• [Extracted information]
-*-*-
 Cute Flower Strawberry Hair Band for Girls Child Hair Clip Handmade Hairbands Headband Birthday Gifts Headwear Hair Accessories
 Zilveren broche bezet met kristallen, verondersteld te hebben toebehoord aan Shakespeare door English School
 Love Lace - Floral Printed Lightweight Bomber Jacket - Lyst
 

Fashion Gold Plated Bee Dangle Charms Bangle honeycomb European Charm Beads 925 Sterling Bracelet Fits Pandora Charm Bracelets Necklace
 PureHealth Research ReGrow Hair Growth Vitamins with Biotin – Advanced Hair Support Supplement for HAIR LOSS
-*-*-
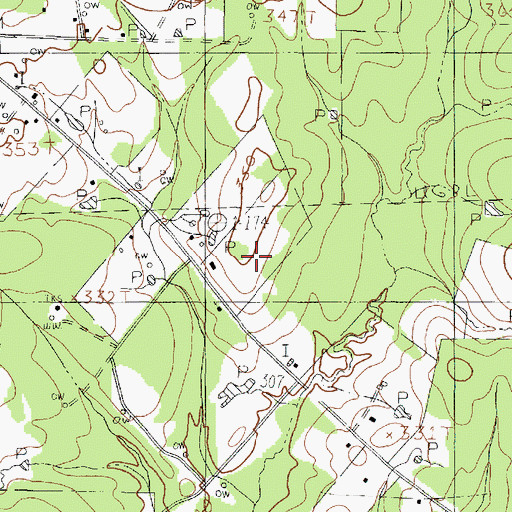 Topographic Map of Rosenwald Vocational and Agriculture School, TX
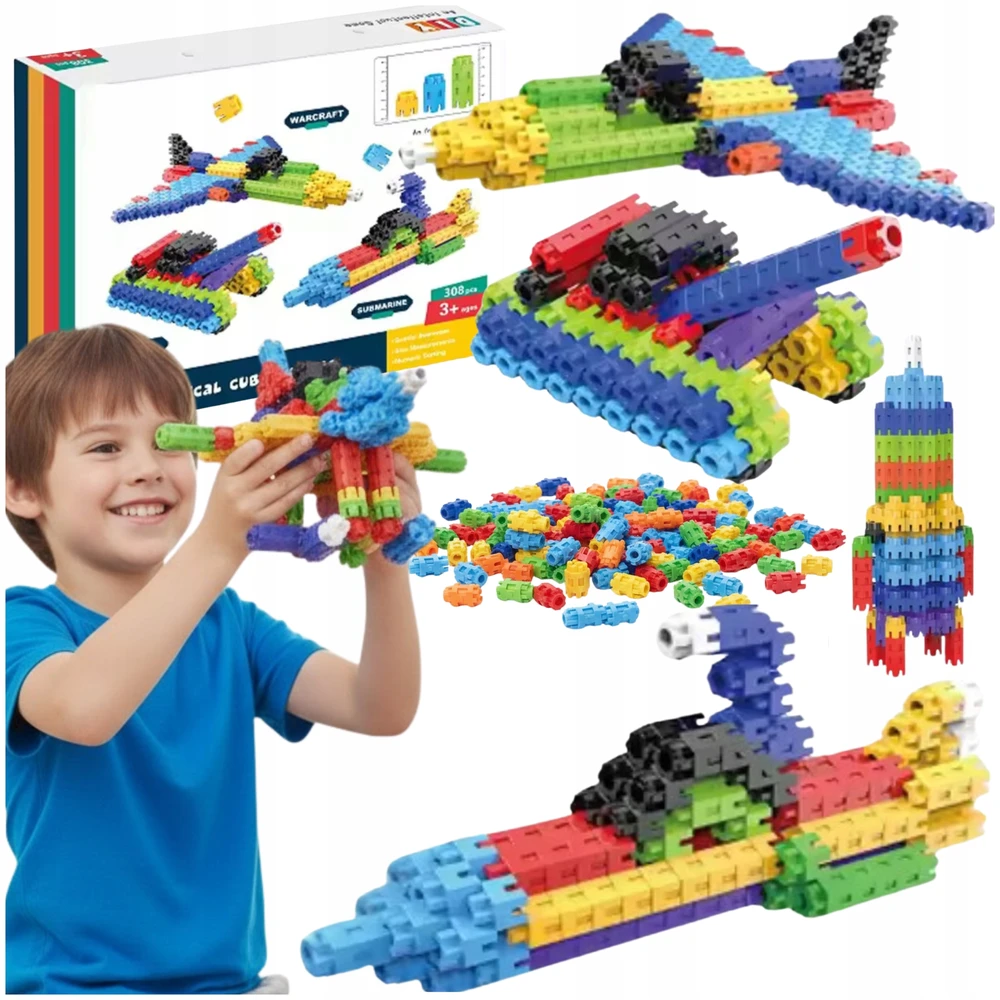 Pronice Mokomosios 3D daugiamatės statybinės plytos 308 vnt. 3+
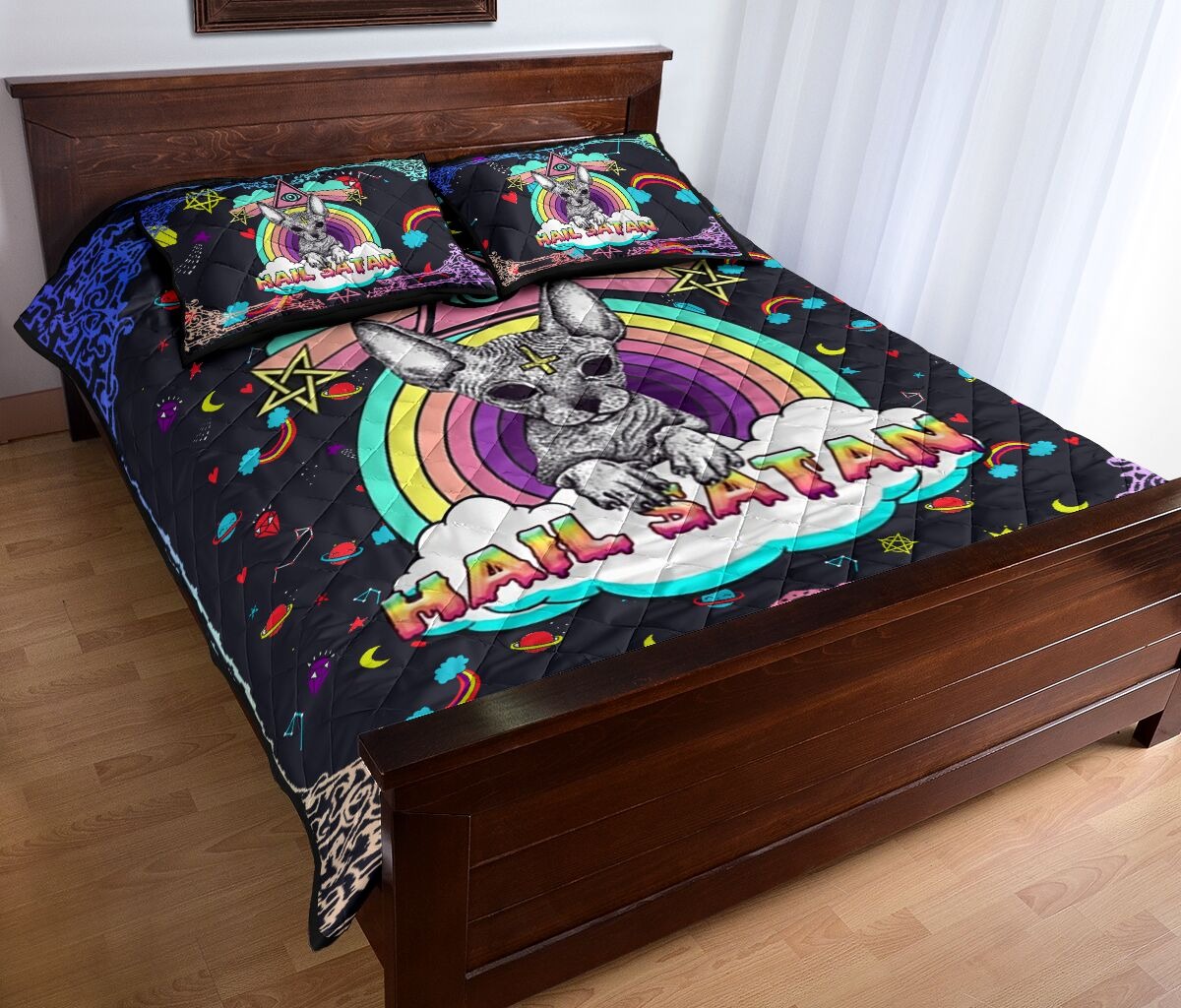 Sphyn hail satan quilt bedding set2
-*-*-
• [Exercise details] Return exactly, and only, the lines above starting at the line that contains "Fashion Gold Plated" and ending at the line that contains "PureHealth Research ReGrow".

• [Finished exercise]
Fashion Gold Plated Bee Dangle Charms Bangle honeycomb European Charm Beads 925 Sterling Bracelet Fits Pandora Charm Bracelets Necklace
 PureHealth Research ReGrow Hair Growth Vitamins with Biotin – Advanced Hair Support Supplement for HAIR LOSS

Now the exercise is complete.